The name comes from Jizera Mountains. The first section at the foothills of the Krkonoše was completed in 1891. The mountain section took several more years to finish. The railway station Jakobsthal (Jakuszyce) close to the New World Pass became the highest railway station in Prussia. The terminal station was Polaun/Grünthal (Kořenov). The complete track was opened in 1902, together with the Cog railway Tannwald–Grünthal. The line was electrified in 1923.

In April 1945 most of the locomotives were evacuated. Some were captured in the border station Polaun/Grünthal by the advancing Red Army. After the war, the electric equipment was dismantled and together with the remaining locomotives transported to the Soviet Union as reparation.

Silesia was transferred to Poland, and cross-border traffic was abolished. Following an exchange of border territories between Czechoslovakia and Poland, the Bohemian part was extended to Harrachov, and that became the new terminal station.

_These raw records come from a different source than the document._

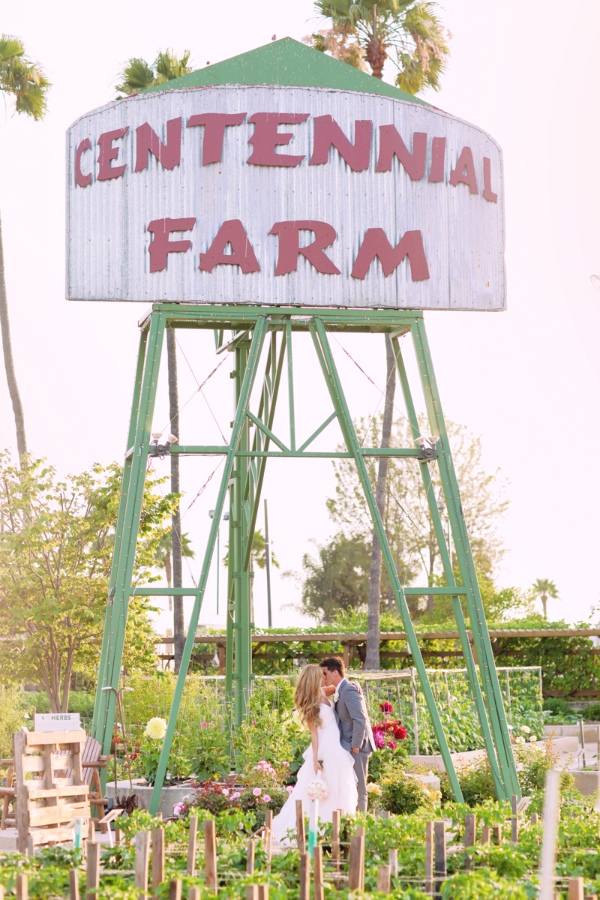 a-barn-made-beautiful-wedding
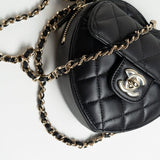 CHANEL Clutch Black 22S CC In Love Black Lambskin Quilted Small (Clutch on Chain) Heart Bag LGHW -Knockoff
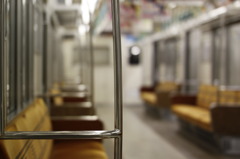 誰もいない電車の中で
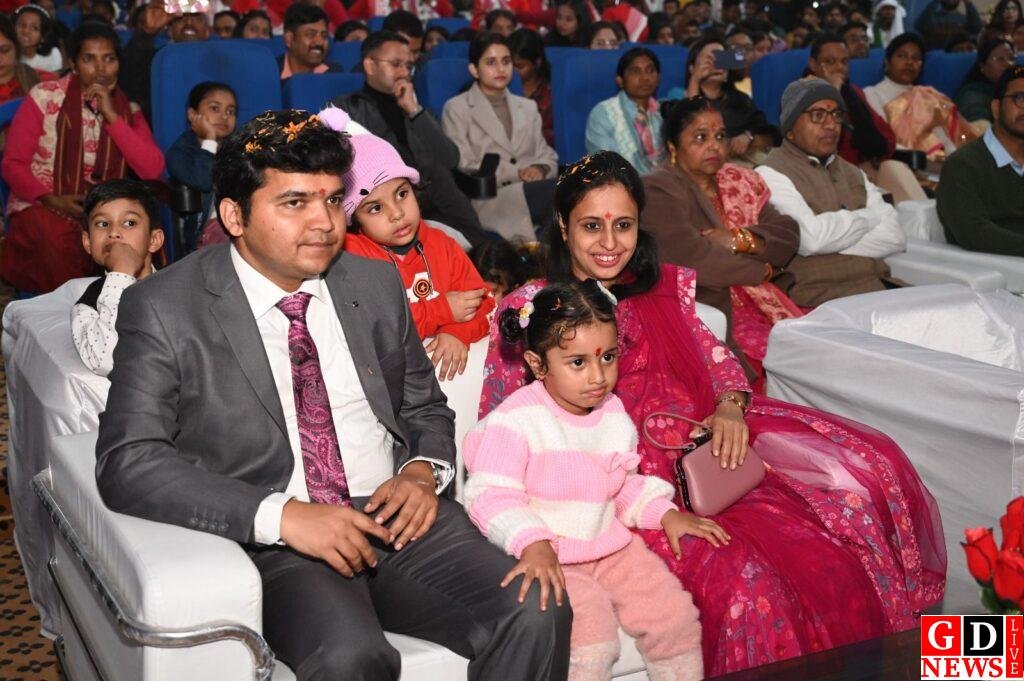 राष्ट्रभक्ति के रंग में रंगा पाकुड़, सांस्कृतिक संध्या में गीत-नृत्य ने बांधा समां 7 img 20260127 wa00652899306800083062925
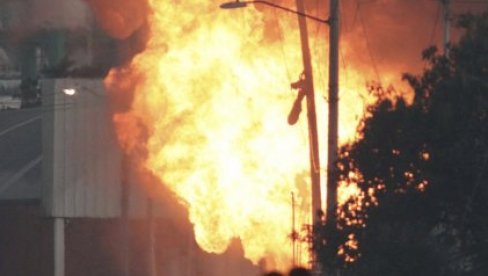 ODJEKNULA EKSPLOZIJA: Požar u fabrici odneo jedan život, deset osoba se vodi kao nestalo
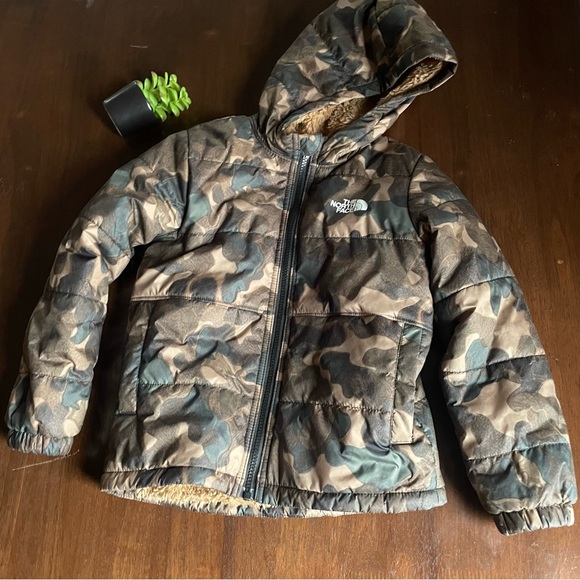 The North Face Kids' RVR Mt Chimbo Jacket Reversible Utility Brown Camo Size 6 - Picture 2 of 15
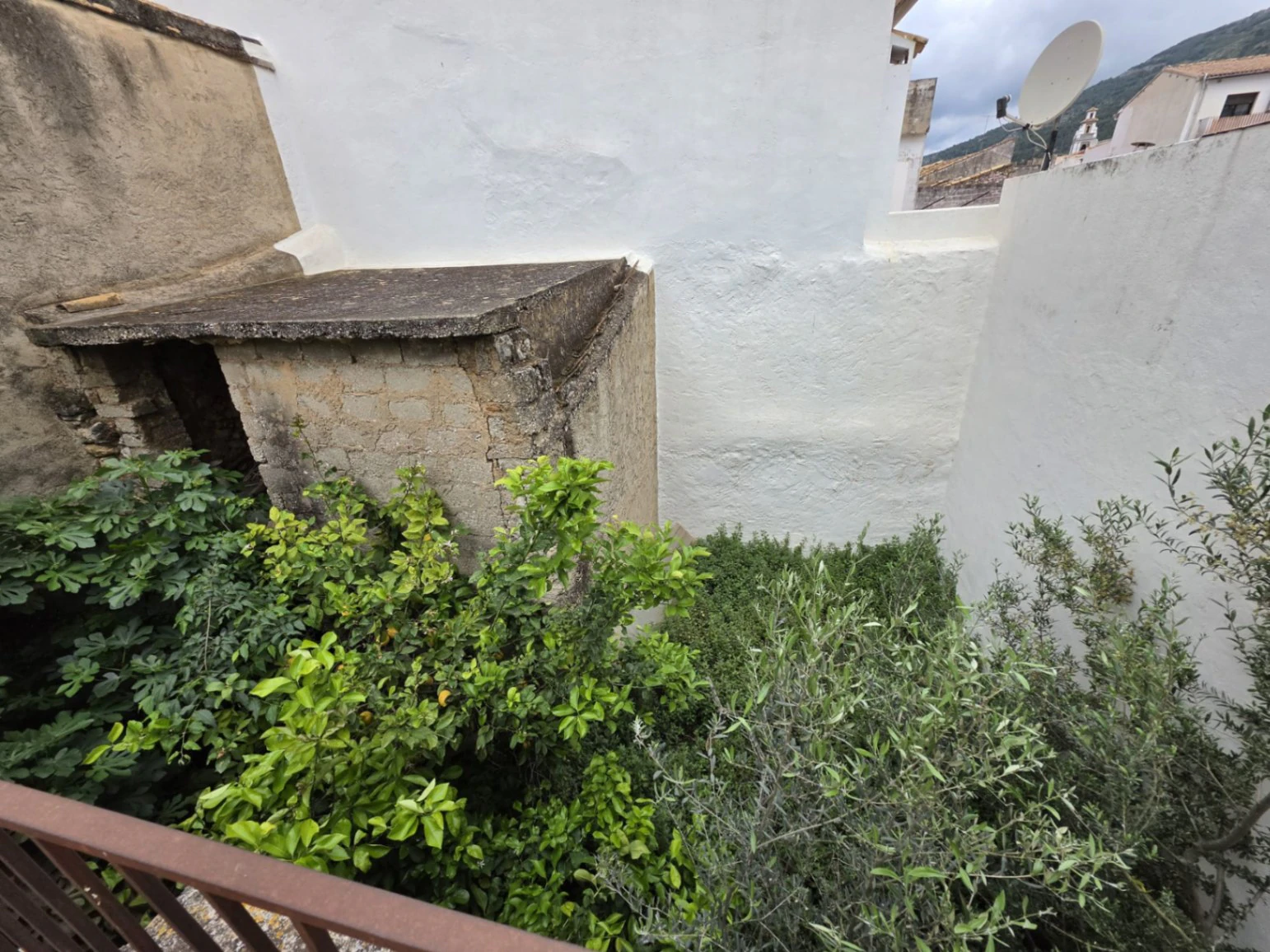 Casa de pueblo en venta con mucho potencial - Benigembla
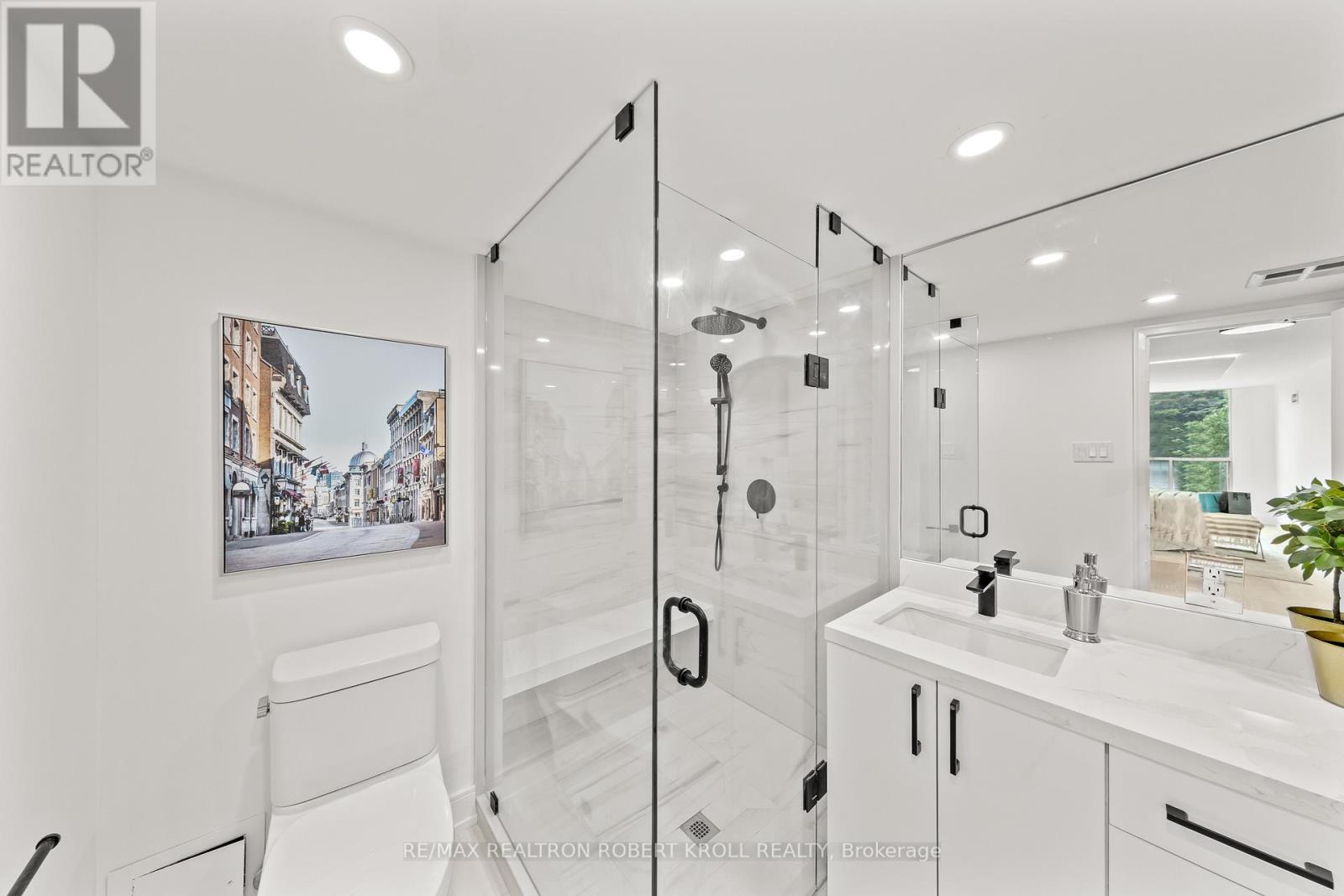 210 - 7300 Yonge Street, Vaughan, Ontario L4J 7Y5 - Photo 35 - N12344870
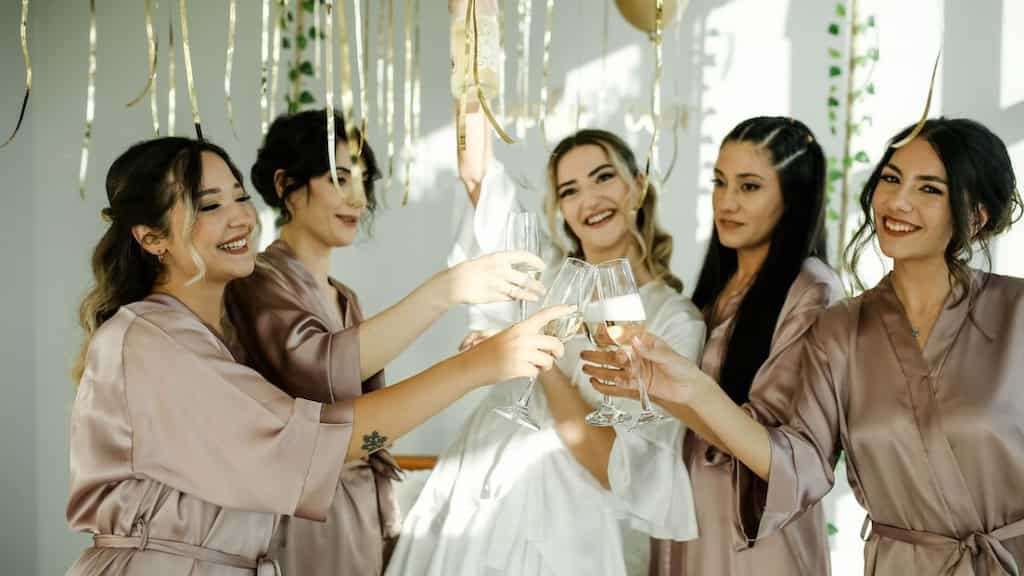 5 travel essentials to pack for your bachelorette vacation
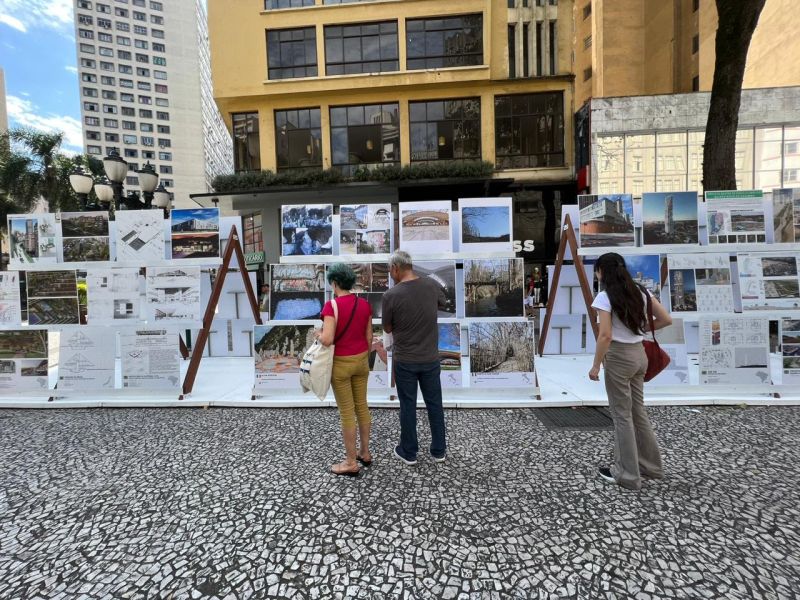  Calçadão da Rua XV recebe a exposição “Arquitetura Itália -Brasil”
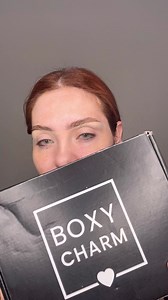 Boxy charm ✨ hermosas les comparto lo que me llegó este mes en la cajita de BoxyCharmqué s una suscripción mensual en mi Perfil está el enlace directo para que se suscriban ✨ @ciatelondon | Spice palette Una mezcla de metalizados y mates altamente pigmentados que funcionan a la perfección con colores neutros. mate para agregar una especia épica a cualquier look de maquillaje. MSRP: $ 39.00 | | NUEVO LANZAMIENTO @treslucebeauty | PALETA ILUMINADOR LUCETE Irradia tu luz al mundo y luce maravillosa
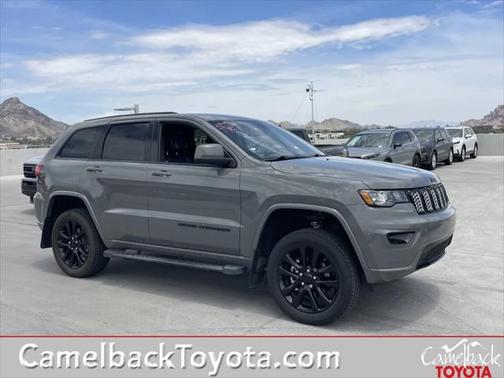 2020 Jeep Grand Cherokee Altitude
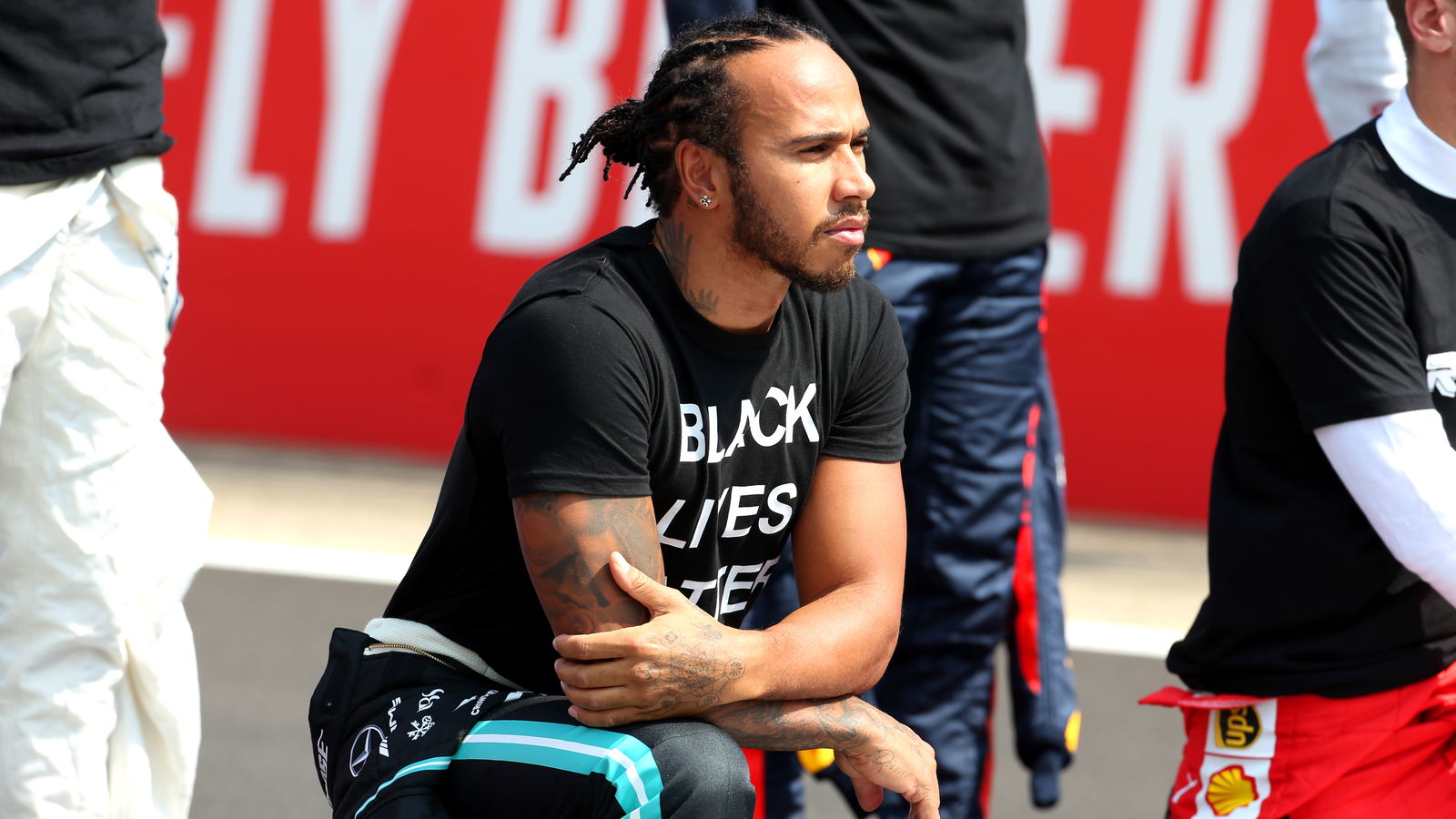 Lewis Hamilton Pertahankan Sikap Pra-Balapan pada 2021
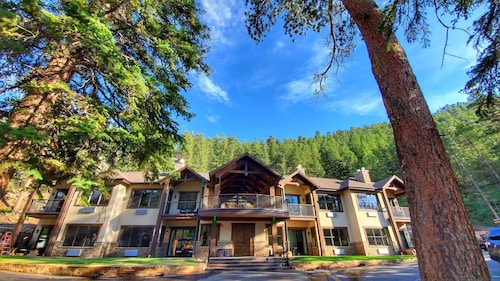 Inn on Fall River & Fall River Cabins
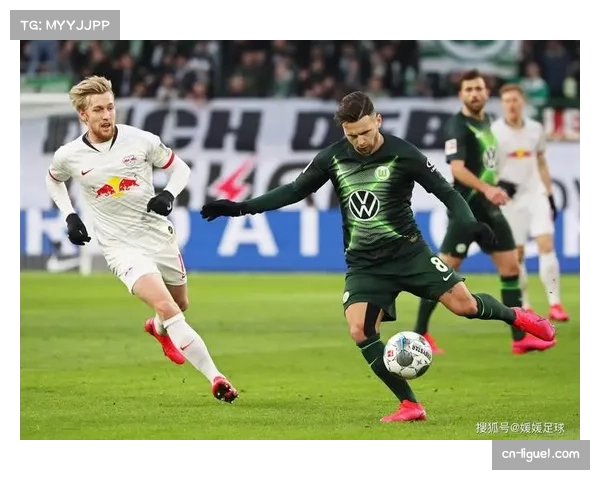 奥格斯堡2-2战平门兴，双方门将各献一次关键扑救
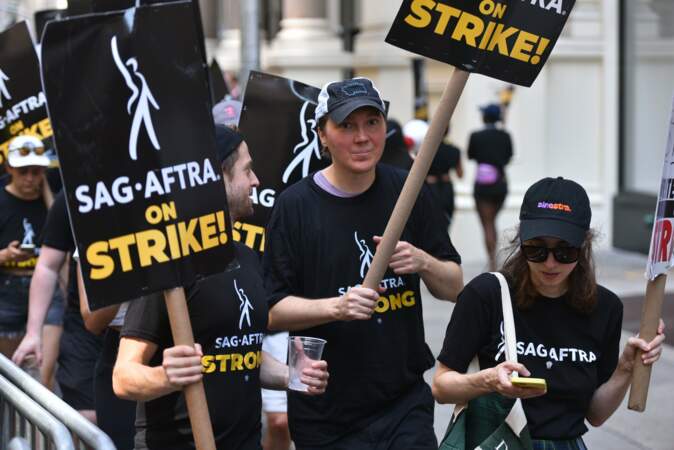 Manifestation à Los Angeles, les acteurs rejoignent le mouvement de grève des scénaristes : Paul Dano.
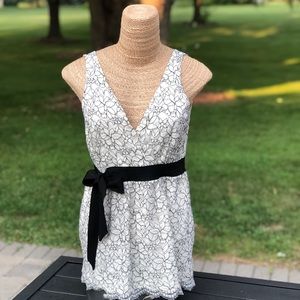 Black House White Market lace tank with bow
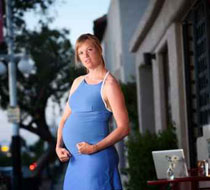 حرب بين الحوامل للولادة في 11/11/2011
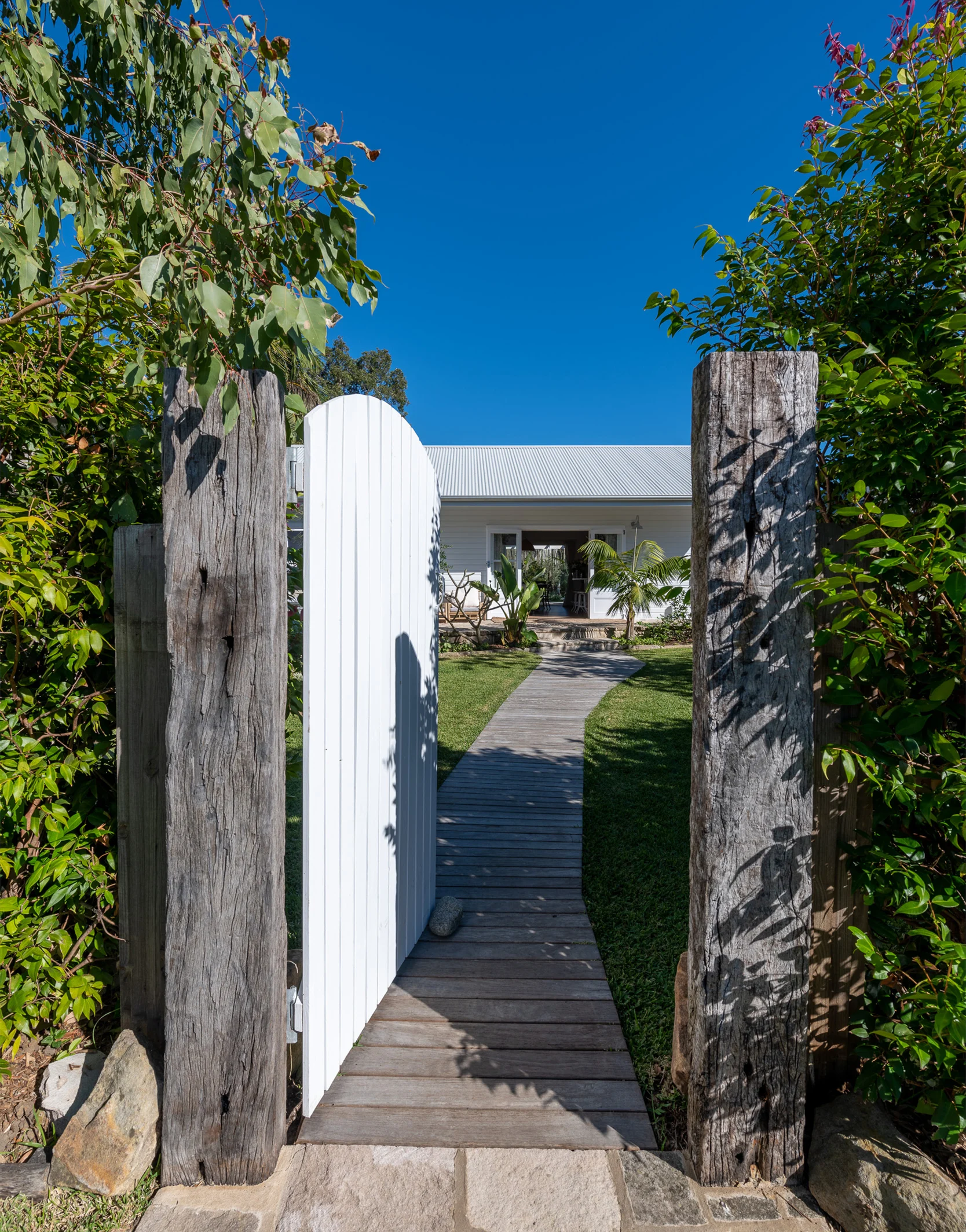 Entryway of a property in Avalon Beach, Sydney designed by Ballina architects Markham Lee.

Polish State Railways (PKP) operated passenger trains as far as Szklarska Poręba Huta and freight trains as far as Jakuszyce. The track as far as Szklarska Poręba Górna was electrified again in 1987. Except for a one-day celebration on the 100th anniversary in 2002, cross border traffic was never restored. Due to decision of the Common Monitoring Committee of Operational Programme of European Transborder Cooperation Czech Republic - Poland 2007-2013 the execution of the project "Revitalization of the Railway Line Szklarska Poreba - Harrachov" will be provided. This project has been recommended to be awarded a subsidy. The reconstruction work started in June 2009 on the Polish side, in October 2009 also on the Czech side. The regular public rail transport across the border started on 28 August 2010. Until 12 December 2015 trains were operated both by a Polish company Polregio and a Czech company Viamont A.S. (later GW Train Regio), now they are operated both by Polish company Lower Silesian Railways and České dráhy; on the non-electrified section using the latter's Stadler Regio-Shuttle RS1 diesel trains.